2 февраля 2026, 20:08 Я плохо помню своё настоящее имя. Иногда кажется, что его и не было, или оно осталось громко звучать там, в Болонье, где остался запах аптекарских трав и слишком резкий голос дяди.
Он называл себя Доктором. Говорил много всего: умного, длинного, скучного. Мне казалось, что слова у него никогда не кончаются, а терпение — наоборот.
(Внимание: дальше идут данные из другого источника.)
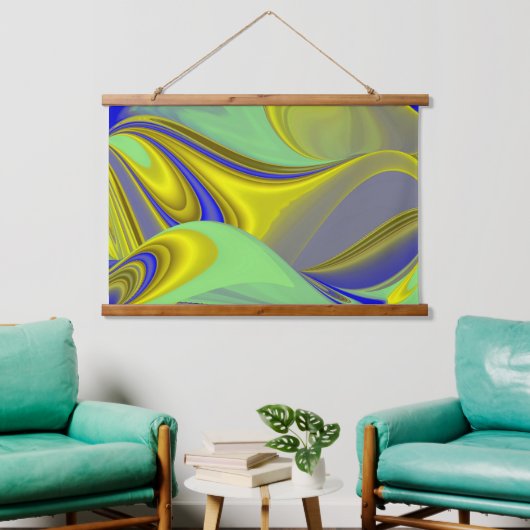 3D Abstrakt in Gelbblau Wandteppich Mit Holzrahmen (Wohnzimmer)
Я был неудобным ребёнком. Так он говорил. Я бегал, трогал всё руками, смеялся не вовремя и задавал вопросы, на которые он не хотел отвечать. Наверное, поэтому однажды он просто подарил меня.
В тот день мы ехали ужасно долго. Погода была чудесная, однако до ужаса жаркая. Колёса монотонно стучали, а дядя всё говорил и говорил, словно объяснял самому себе, почему поступает правильно.
Я не плакал, мне было странно. Когда тебя отдают, а не теряют, это чувствуется иначе.
Синьор Карабас тогда был молодым.
Высоким, с широкой спиной и живыми, но колючими глазами. Он наклонился ко мне, посмотрел внимательно, изучающе.
— Рыжий... — задумчиво произнёс он. — Подойдёт.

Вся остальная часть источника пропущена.